93A(d). Without prejudice to any other powers under this Act, the Commissioner may exercise such other powers consistent with this Act as may be prescribed.
There is no proof that the applicant has been convicted of an offence under the Act; at least none has been presented before me. Again, there is nothing in section 93A (d) that suggests that the exercise of the Commissioner’s powers under the Act is not subject to the scrutiny of the Honourable Court.
The only pertinent provision on the question of jurisdiction is section 76 of the of the Co-operatives Societies Act which states as follows:
76. Disputes
(1) If any dispute concerning the business of a co-operative society arises— (a) among members, past members and persons claiming through members, past members and deceased members; or
(b) between members, past members or deceased members, and the society, its Committee or any officer of the society; or
(c) between the society and any other co-operative society, it shall be referred to the Tribunal.
The tribunal referred to in this section is the co-operative tribunal established under section 77 of the Act.
Section 76 (1) (b) would be more pertinent to the question at hand and, in this regard, to the extent that the applicant has sued the society on the reconstitution of its committee, it is my humble opinion that the dispute ought to have first been referred to the tribunal under section 76 (1) of the Act.
The applicant has not given reason why he chose to overlook the procedure expressly provided by statute and invoke the judicial review jurisdiction of this Honourable Court instead.
It is trite that where there is an alternative remedy provided by an Act of Parliament which is as effective in resolution of a dispute, the court ought to ensure that the dispute is resolved in accordance with the relevant statute.
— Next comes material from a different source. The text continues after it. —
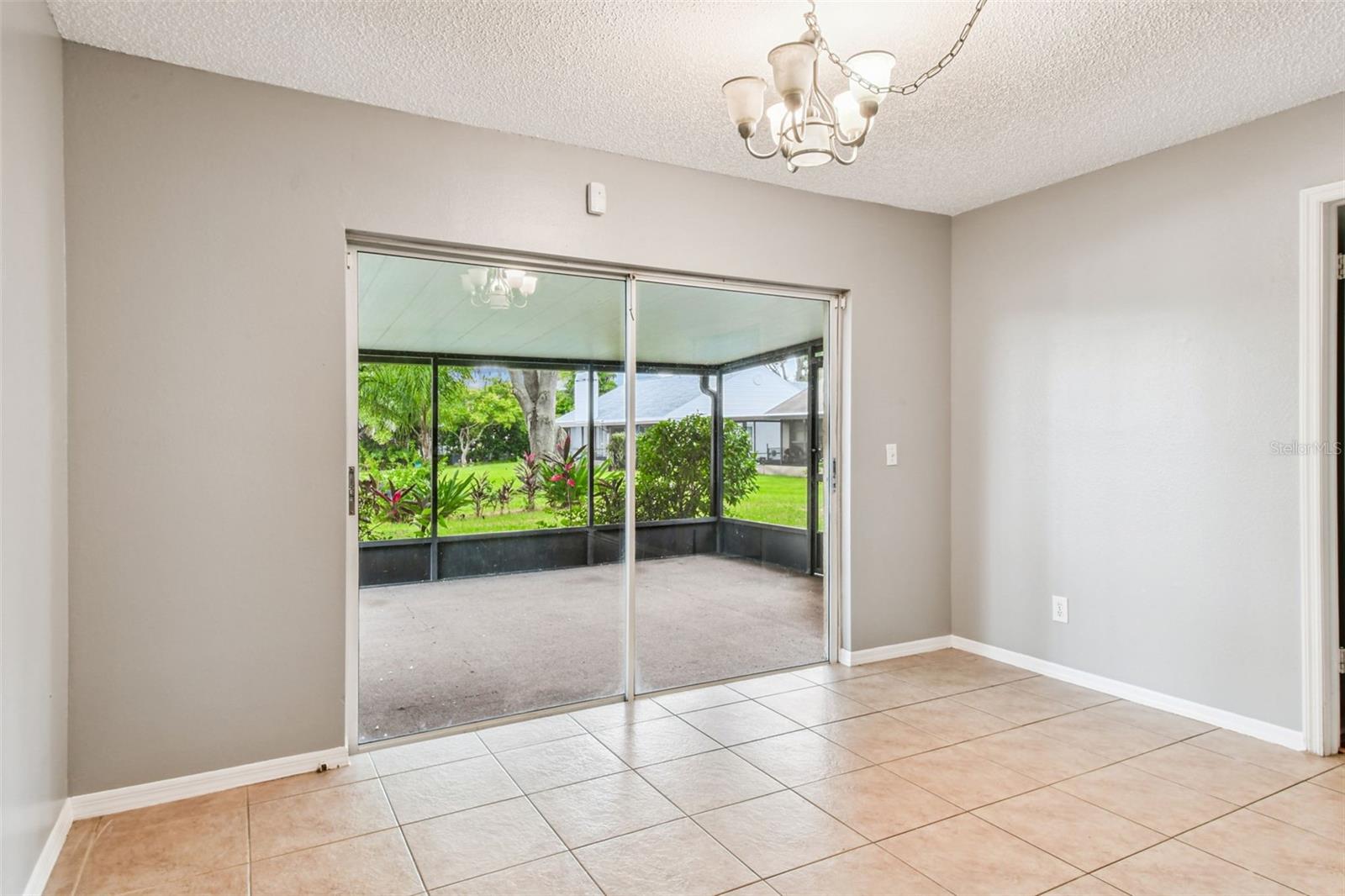 COUNTRY PLACE WEST UNIT V - Residential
This was so held in National Assembly vs. Karume Civil Application No. Nai. 92 of 199 where the Court of Appeal said as follows:
“In our view, there is considerable merit in the submissions that where there is a clear procedure for redress of any particular grievance prescribed by the Constitution or an act of Parliament, that procedure should be strictly followed. We observe without expressing a concluded view that Order 53 of the Civil Procedure Rules cannot oust clear constitutional and statutory provisions.”
I note that the applicant has invoked the Fair Administrative Action Act in his application; one of the provisions in that Act that would be relevant to the issue at hand is section 9 (2) which states as follows:
9. (2) The High Court or a subordinate court under subsection (1) shall not review an administrative action or decision under this Act unless the mechanisms including internal mechanisms for appeal or review and all remedies available under any other written law are first exhausted.
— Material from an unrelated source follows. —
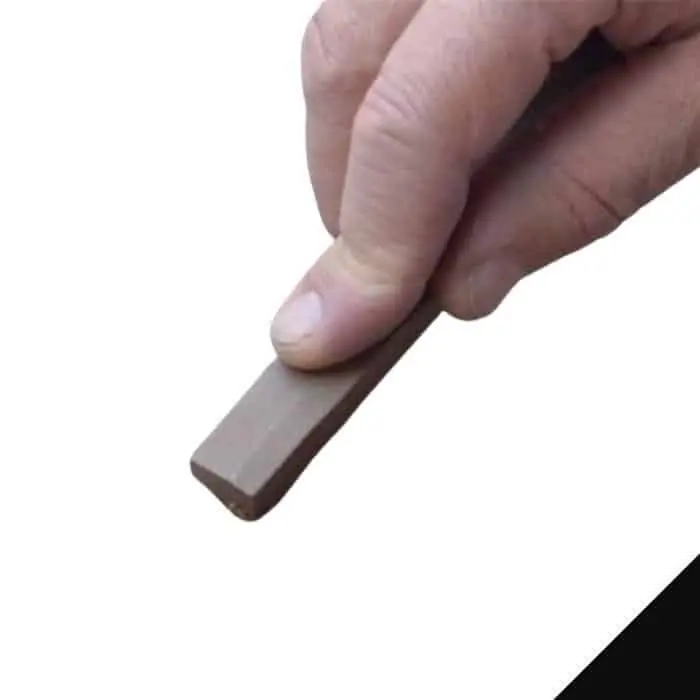 Stucco cera morbido Borma Wachs 1000 per ritocco su legno, stick 30 g, colore Nero 60 Populair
Both the decision of the Court of Appeal in the National Assembly case (supra) and section 9 (2) of the Fair Administrative Action Act point to the principal that judicial review should only be invoked as a last resort in resolution of disputes and where there is a procedure that is equally effective and convenient that procedure should be first exhausted.
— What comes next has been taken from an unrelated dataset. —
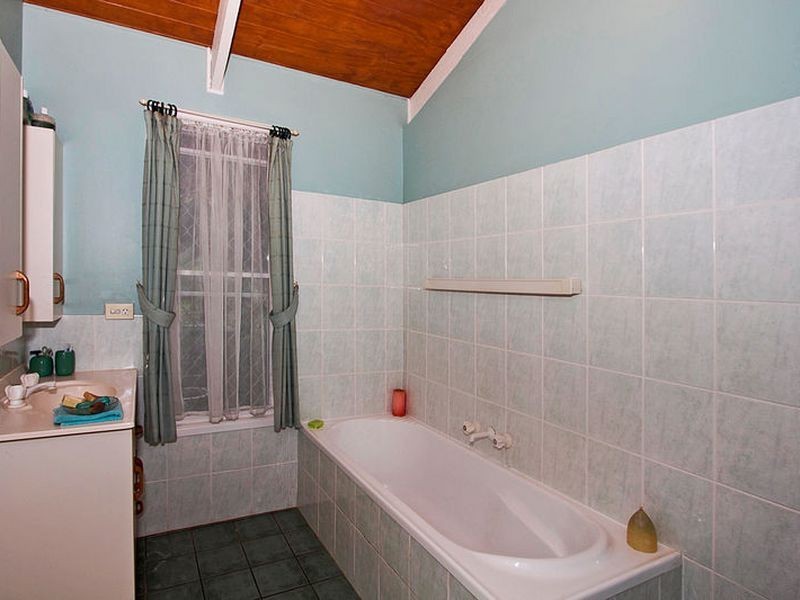 Waranga Crescent, Burringbar NSW 2483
In the application before court, it has not been demonstrated that the prescribed procedure would not be as effective or convenient as the judicial review one. Neither has it been demonstrated that the remedies available in the prescribed procedure are not as effective.
For the foregoing reasons, I see no reason why leave should be granted. The applicant’s chamber summons dated 20 January 2020 is dismissed with costs.